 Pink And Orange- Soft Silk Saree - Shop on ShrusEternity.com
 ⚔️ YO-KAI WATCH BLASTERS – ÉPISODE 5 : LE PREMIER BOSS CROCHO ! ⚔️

--

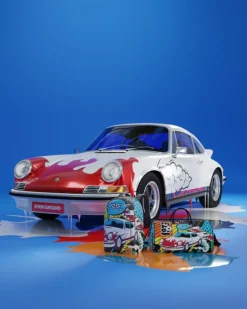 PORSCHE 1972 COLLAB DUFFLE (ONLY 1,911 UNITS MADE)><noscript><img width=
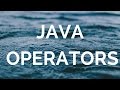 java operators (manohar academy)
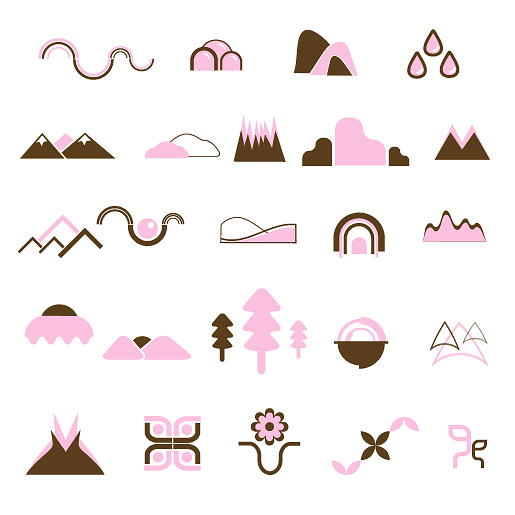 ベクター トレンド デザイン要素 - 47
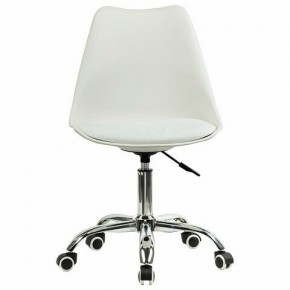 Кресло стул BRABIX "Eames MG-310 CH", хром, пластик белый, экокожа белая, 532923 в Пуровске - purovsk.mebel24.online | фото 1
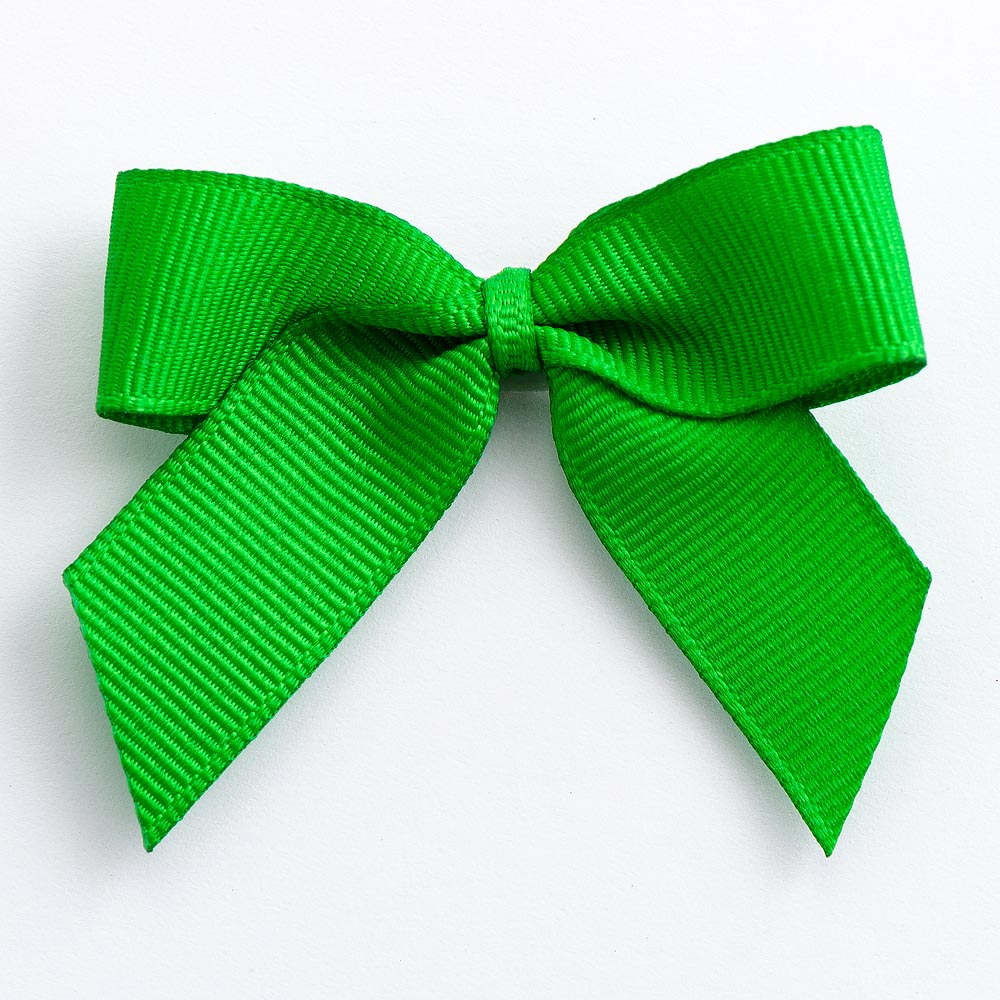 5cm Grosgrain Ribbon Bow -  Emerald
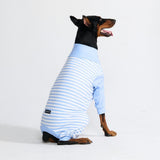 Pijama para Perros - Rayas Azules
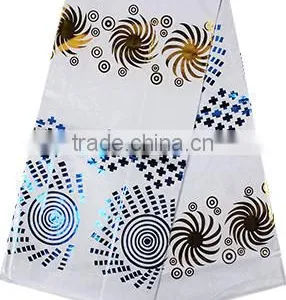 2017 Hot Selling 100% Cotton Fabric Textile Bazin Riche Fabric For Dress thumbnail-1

---

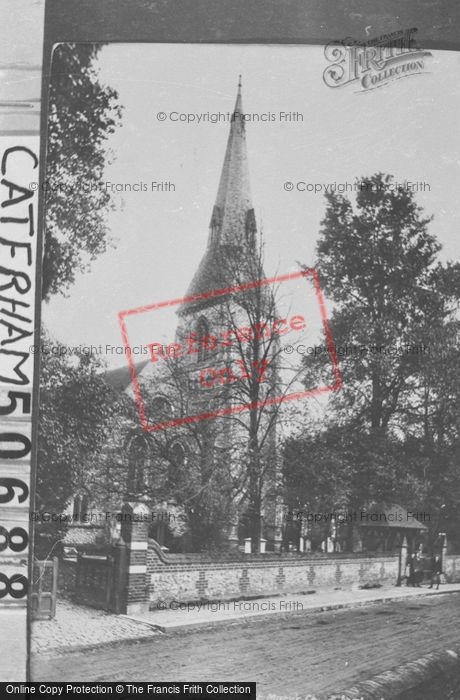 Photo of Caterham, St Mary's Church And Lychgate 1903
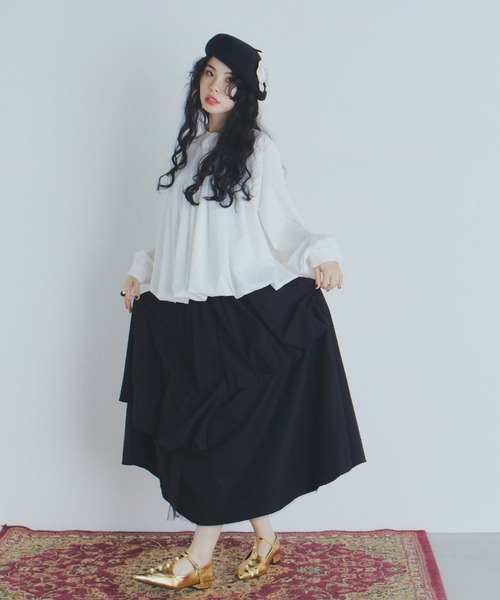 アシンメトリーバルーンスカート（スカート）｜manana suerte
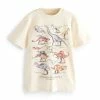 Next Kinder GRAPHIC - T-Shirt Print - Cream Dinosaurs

EXERCISE AIM
Above are the lines; repeat exactly the ones from the line containing "Pink And Orange- Soft" down to the line containing "CROCHO ! ⚔️", both inclusive.

ANSWER BELOW
 Pink And Orange- Soft Silk Saree - Shop on ShrusEternity.com
 ⚔️ YO-KAI WATCH BLASTERS – ÉPISODE 5 : LE PREMIER BOSS CROCHO ! ⚔️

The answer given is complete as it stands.